Window-covering manufacturers should write tougher rules governing product designs as strangling deaths mount among small children, the chairman of the U.S. Consumer Product Safety Commission said.

“A young child is likely to die this month in a window- cord incident,” Inez Tenenbaum said today at an industry meeting in Bethesda, Maryland. “A young child is likely to die every month that this standard is being worked on. No matter what the situation or circumstance is, these tragedies are preventable.”

Window-blind manufacturers such as Hunter Douglas NV and retailers like J.C. Penney Co. are meeting at the agency’s Washington headquarters to map out a plan for bolstering voluntary safety rules through the American National Standards Institute, or ANSI. The group unveiled stricter requirements in September for Roman shades, which are drawn up from the bottom into a series of folds.

The CPSC orchestrated one of the largest recalls in the agency’s history last December to fix more than 50 million Roman and roll-up blinds, covering all such products sold at retailers including Wal-Mart Stores Inc., Pottery Barn outlets owned by Williams-Sonoma Inc. and Restoration Hardware Inc.

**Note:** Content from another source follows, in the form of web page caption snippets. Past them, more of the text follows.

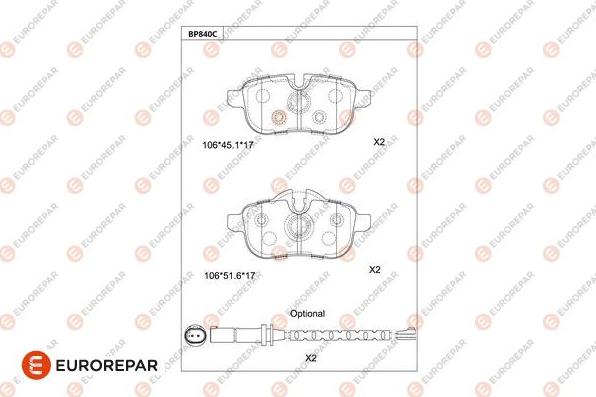 EUROREPAR 1681262480 - Kit pastiglie freno, Freno a disco autozon.pro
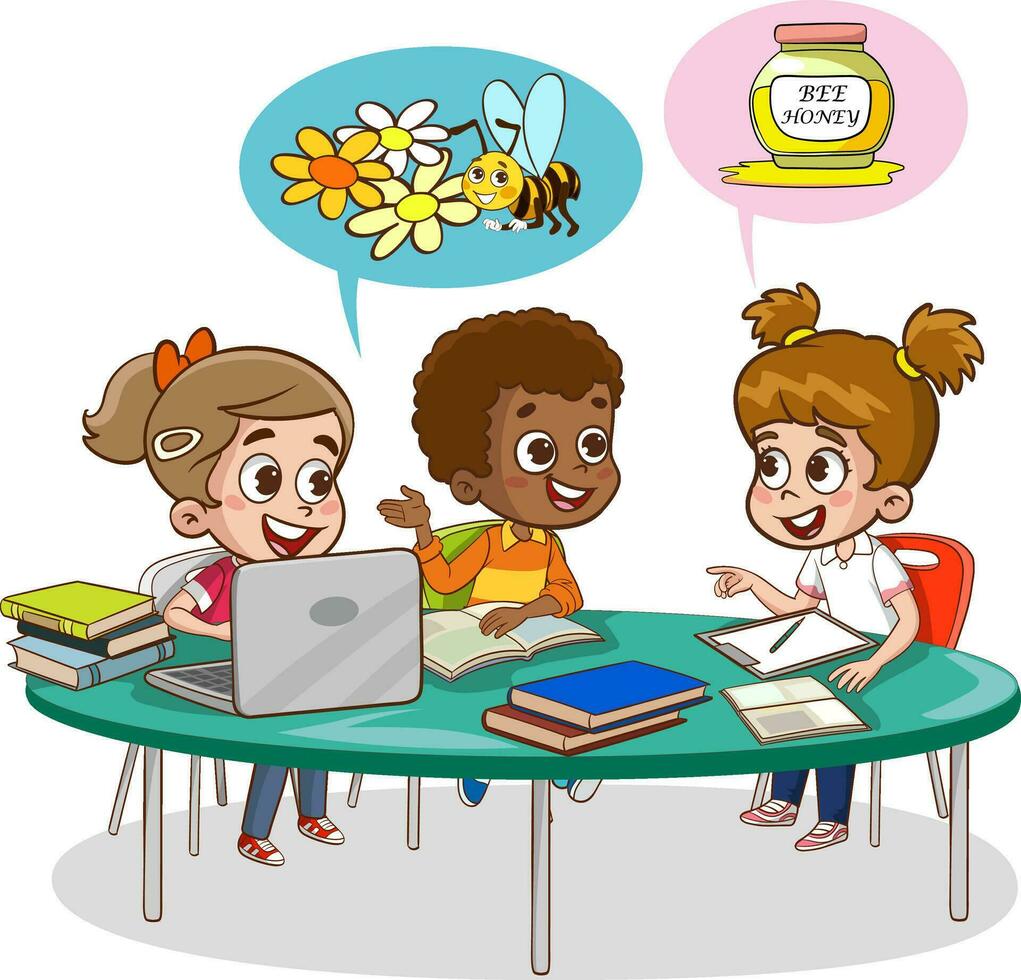 vector illustration of students studying together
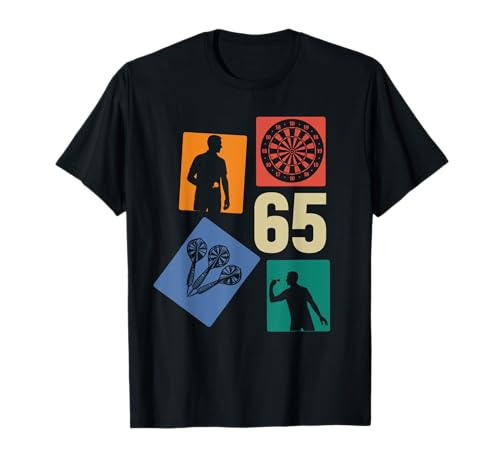 65. Geburtstag Dart 65 Jahre Männer Retro Darts Spieler T-Shirt von Retro Geburtstag Dart Jungs Männer Geschenk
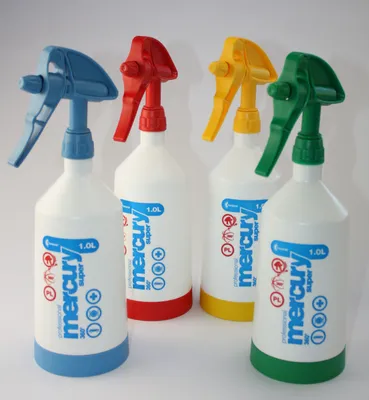 Produktbild von Sprühflasche 360° 4er rot + gelb + grün + blau 1L KWAZAR Mercury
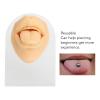 Piercing Practice Body Parts, Model Body Part Displays Set, Silicone Simulated 3D Tongue Mouth Model, With Display Stand, for Jewelry Display, Suturing Practice (Skin Color) view 2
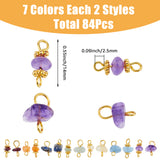 Gemstone Chip Connector Charms, with 304 Stainless Steel Findings, 14mm, Hole: 2.5~3mm, 14 style, 6pcs/style, 84pcs/set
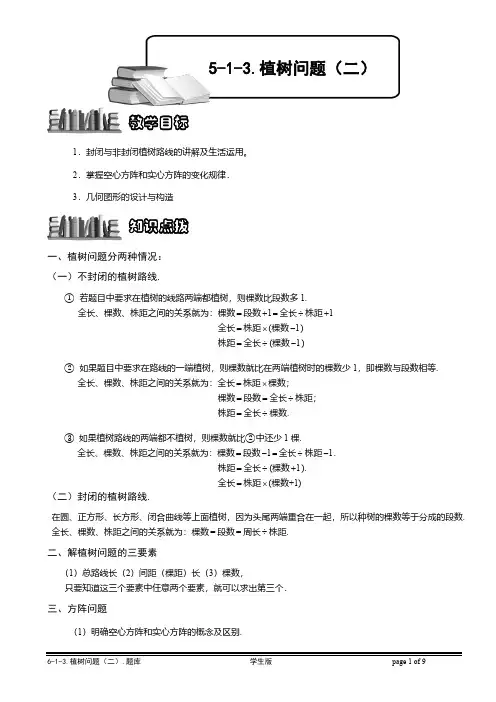 小学奥数—植树问题(二)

U.S. regulators received reports of five deaths and 16 near-strangulations in Roman shades since 2006 and three deaths involving roll-up blinds since 2001, the CPSC said in December.

Voluntary Industry Standard

A voluntary industry standard adopted by the institute in September falls short of what’s needed, according to consumer groups involved in the rule-writing process, including Parents for Window-Blind Safety and Consumers Union. That effort focused on adding a warning label to Roman shades and not cords in all types of products.

“If they choose to eliminate all the known hazards, this will be the goal we’ve been pressing for the last eight years,” said Linda Kaiser, founder of Chicago-based Parents for Window- Blind Safety, whose daughter, Cheyenne Rose, died in a window- blind cord accident in 2002.

Today’s meeting kicked off an effort to write tougher rules by next October, Ralph Vasami, executive director of the New York-based Window Covering Manufacturers Association, said in an interview. The effort will apply to all kinds of window coverings and will result in tests for preventing known hazards such as cords accessible by young children, he said.

‘Looking for Solutions’

“We were on a schedule driven by the CPSC to get enhancements out as quickly as possible,” Vasami said. “We’re looking for solutions.”

The industry and the CPSC have been working on the same safety problems since the 1980s, said Carol Pollack-Nelson, an independent product-safety consultant from Rockville, Maryland, who served on the ANSI window-covering committee. Companies haven’t felt the pressure to act because consumers are used to cords and don’t consider them dangerous, she said.

“The challenge of this product is it’s been around for a long time,” Pollack-Nelson said. “It’s like being afraid of your walls and your floors.”